Abstract Despite advances in genomic technologies, most advanced solid tumors remain incurable and drug resistance is almost inevitable with limited biomarkers available to personalize therapy. Two important lessons have emerged from the comprehensive genomic analyses of cancers, which may provide an explanation for difficulties that have been encountered in biomarker development. First, each tumor contains an individual assortment of multiple genomic aberrations, few of which are shared between patients with the same histopathological tumor subtype. Second, emerging evidence suggests that these anomalies appear to vary within the tumor, indicating substantial intratumor heterogeneity. Increasingly, molecular evidence suggests that intratumor heterogeneity may contribute to tumor growth through a branched (polytypic) rather than a linear pattern of tumor evolution. Branched evolutionary growth and intratumor heterogeneity results in coexisting cancer cell subclones with variegated genotypes and associated phenotypes that may be regionally separated within the same tumor and alter in dominance over time. Variegated phenotypes, resulting from intratumoral genetic heterogeneity and the emergence of new subclones at relapse, are likely to have important implications for developing novel targeted therapies and for preventing the emergence of drug resistance. Intratumor heterogeneity and sampling bias may also contribute to the recently reported failures in implementation of robust biomarkers in the clinical setting. In this talk, evidence for genetic, epigenetic and transcriptomic intratumour heterogeneity, impacting upon signal transduction pathway phenotypic heterogeneity, will be reviewed.
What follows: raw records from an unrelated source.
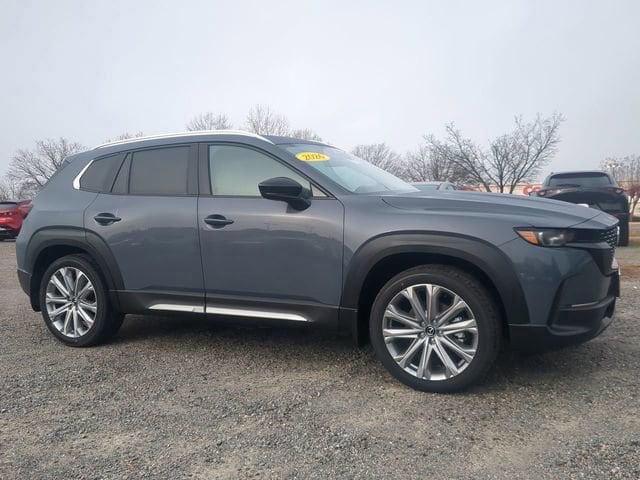 2026 Mazda CX-50 Premium's photo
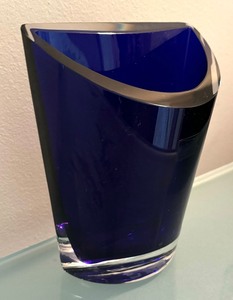 lot 122 image: Beautiful Cobalt Blue Vase by LSA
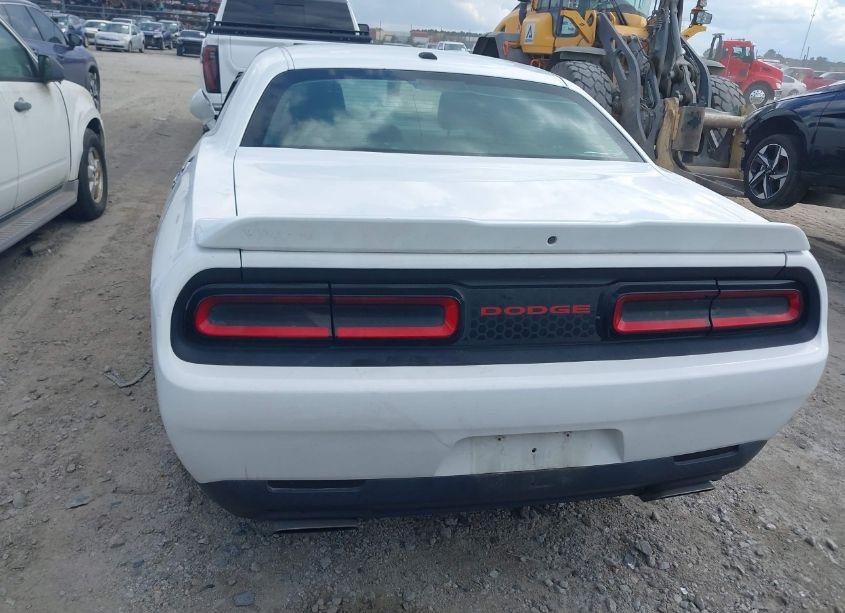 Photo 6 of 2018 Dodge Challenger R/T (VIN 2C3CDZBT8JH332959)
Darwinian models for biomarker discovery will be discussed based on trunk and branched tumor growth models that may improve drug discovery and clinical outcome prediction. Citation Format: Charles Swanton. Genetic and functional tumor heterogeneity. [abstract]. In: Proceedings of the Third AACR International Conference on Frontiers in Basic Cancer Research; Sep 18-22, 2013; National Harbor, MD. Philadelphia (PA): AACR; Cancer Res 2013;73(19 Suppl):Abstract nr IA15.